‘Often during this last tortured decade, I’ve reflected on a question from the Scripture,’ McGovern said. ‘“Which of us, if his son asked him for bread, would give him a stone?” Our sons have asked for jobs—and we’ve sent them to poisoned lands and sick cities. Our sons have asked for an education—and we’ve taught them to arrest others and we’ve taught them to kill. Our sons have asked for a full measure of time—and thousands have been lost before their time. So let us seize the chance to lift from our sons and ourselves the horror of this administration, this leadership, this so-called recovery, and finally bestow the blessings of peace. Let us give thanks to our British friends, and send them home. Let us give thanks to our brothers, sons, and fathers in the armed services, end the draft, and bring them home. Then, and only then, can we restore our sense of purpose and our character as a great nation, and rejoin the family of nations in this troubled world.’
The news cut away to a commercial for Alka-Seltzer and he saw that he was dripping ice water on some magazines. He moved the dish towel around and thought about McGovern, soaked to the bone, speaking in the home state of his opponent, knowing that all the polls and pundits had not only declared this election over, but also the elections of ‘76, ‘80, ‘84, and those well into the next century. Still, he had labored on, speaking his mind, not giving up. Stones. That was a good phrase. He knew a lot of people who were burdened with stones. There was Two-Tone, living among the trash and tunnels of Boston. There was Sam Burnett in the Globe’s newsroom, forever fifteen years old. And then there was Merl Sawson, who had been shot in the back of his head. The sons of America, all looking for bread, all looking for fulfillment.

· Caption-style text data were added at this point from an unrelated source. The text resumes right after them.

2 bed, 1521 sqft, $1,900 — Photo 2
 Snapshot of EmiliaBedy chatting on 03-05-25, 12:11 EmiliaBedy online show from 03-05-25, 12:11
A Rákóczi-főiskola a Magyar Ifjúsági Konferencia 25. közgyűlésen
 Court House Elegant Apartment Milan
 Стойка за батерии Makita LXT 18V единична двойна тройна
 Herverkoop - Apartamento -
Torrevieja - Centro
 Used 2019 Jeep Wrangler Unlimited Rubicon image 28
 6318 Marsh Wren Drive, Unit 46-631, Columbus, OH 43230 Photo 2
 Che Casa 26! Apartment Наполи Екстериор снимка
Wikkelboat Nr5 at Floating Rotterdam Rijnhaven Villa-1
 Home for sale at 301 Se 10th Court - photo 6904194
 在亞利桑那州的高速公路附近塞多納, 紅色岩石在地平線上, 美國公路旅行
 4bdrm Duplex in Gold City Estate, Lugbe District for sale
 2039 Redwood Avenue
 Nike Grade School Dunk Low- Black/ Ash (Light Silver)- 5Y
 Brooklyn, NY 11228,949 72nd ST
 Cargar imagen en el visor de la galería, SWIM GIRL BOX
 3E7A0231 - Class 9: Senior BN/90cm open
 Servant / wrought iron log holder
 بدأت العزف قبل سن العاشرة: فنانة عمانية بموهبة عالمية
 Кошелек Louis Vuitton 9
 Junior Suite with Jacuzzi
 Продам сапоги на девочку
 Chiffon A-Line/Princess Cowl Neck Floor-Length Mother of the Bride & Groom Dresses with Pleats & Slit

Not to mention one Carl Landry. Overseas duty hadn’t been that bad, back in ‘62, but then there was California ... Some of the things that went on in that state after the war were not widely known, nor would they ever be. When he had gotten to the Globe, years after California, someone had shyly asked him, what was it like out West? And he had said, ‘It was a time when the dogs ate the dead, and when the food ran out whoever was left ate the dogs.’
He thought about that for a while, his leg aching in memory, the television having gone into test pattern. So many times he had thought about the years before the war and so many times he had tried to leave those memories alone. Why torture yourself, remembering full supermarket shelves, clean clothes, steady power, and a government that didn’t hunt down draft dodgers and didn’t censor the news and didn’t run Labor camps for the dissidents, the protesters, the ones that didn’t belong. That time was gone, was never coming back, not ever.
He thought about that some more, and also thought of something else. The orfie gang leader. When he had come out of the alley in front of Carl, he hadn’t simply said. ‘Let’s get ‘im.’
No. His words were quite distinct. ‘There he be! Let’s get to ‘im.’ He had been set up. By who and why. he didn’t know, but it was clear enough. Someone wanted something bad to happen to him.
That night he slept poorly, the pistol under his pillow, dreaming of California. So many gaunt faces, looking at him for bread, and all he had was a bag of stones.
~ * ~
EMPIRE: ONE
A MATTER OF EMPIRE: ONE
* * *
On a Sunday morning 350 miles northwest of Boston, Major Kenneth Hunt of the British army’s Parachute Regiment, 16th Parachute Brigade—known as the Paras—stood on the runway at RCAF Trenton watching the small executive-style jet with the RAF insignia on the side taxi to a halt. It was a crisp morning and he had yet to eat breakfast at the temporary mess that had been set up for his paras at the Royal Canadian Air Force facility. He had someone important to meet first. His stomach grumbled in protest at having to wait.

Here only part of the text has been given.